Cualquier hijo de vecino puede declarar que nos estamos quedando sin futuro. Sin necesidad de recurrir a interpretaciones de pasajes bíblicos, anticipar choques de cometas, explosiones de estrellas o cualquier tipo de catástrofe natural marca diablo, sin contar con el aval del fanatismo (que sirve de pasaporte para cualquier mafufada), cualquiera puede decir que nos hemos metido en un callejón sin salida.

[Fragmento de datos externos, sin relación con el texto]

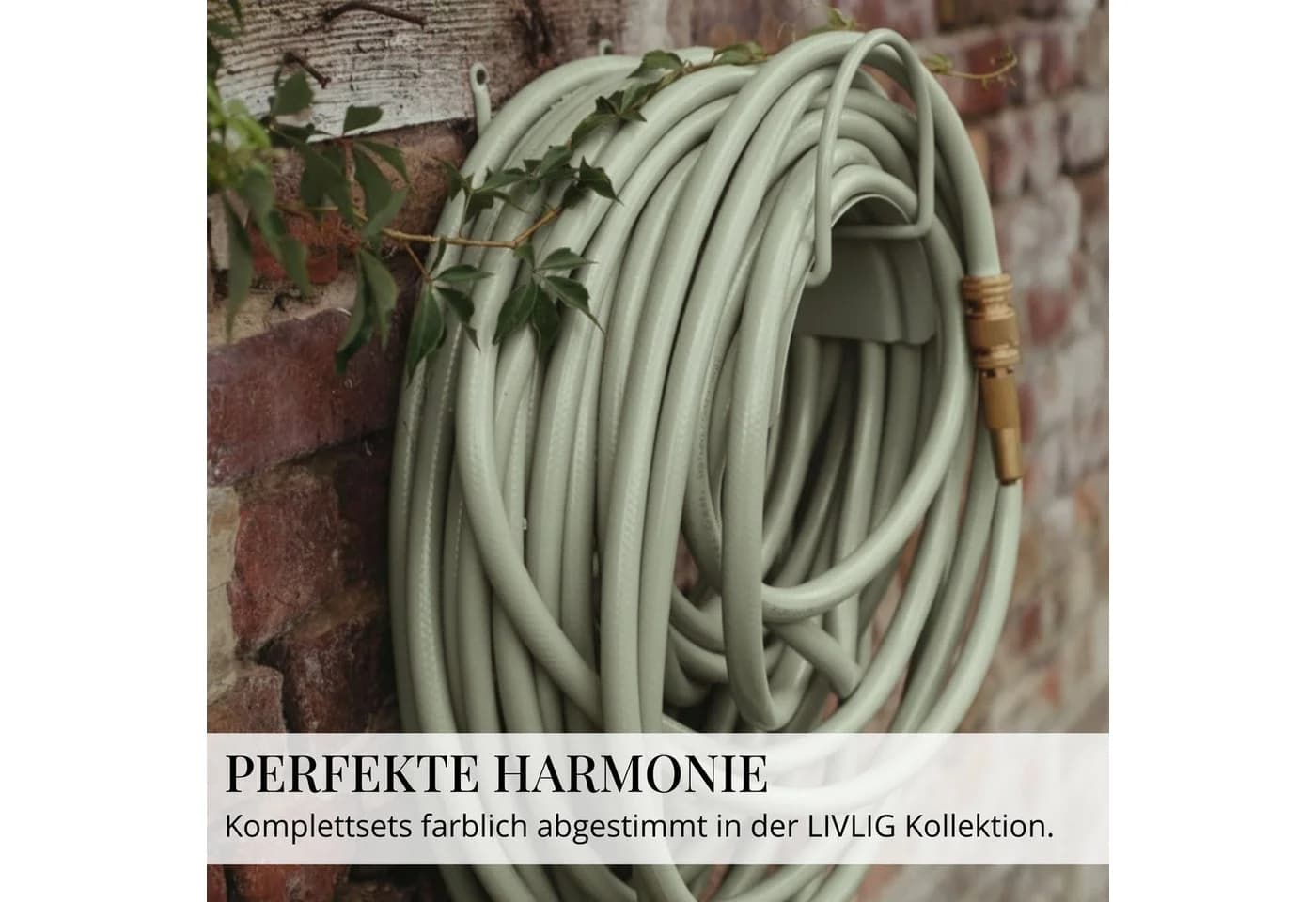 LIVLIG Wandschlauchhalter Grün, Halterung bis 30m, Stahl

Lo verdaderamente rudo no es imaginar un final más o menos cercano o inmediato, echando mano de cualquier recurso, con diferentes combinaciones de inferencias o sacándose de la manga alguna trama. Anunciar que esto se acaba es asunto cuesta abajo. Un ejercicio considerablemente más audaz, y sin duda más fértil, sería declarar acabado al mundo para que, de ahora en adelante, en un simple parpadeo, éste empiece de nuevo. El recomienzo. En ese caso, si el mundo fuera a ser mundo, se necesitaría recurrir a la memoria. Es lo único que haría sentido. Borrar el pasado sería el equivalente a la total desaparición. Con la memoria aparecería de nuevo el mundo, renacido.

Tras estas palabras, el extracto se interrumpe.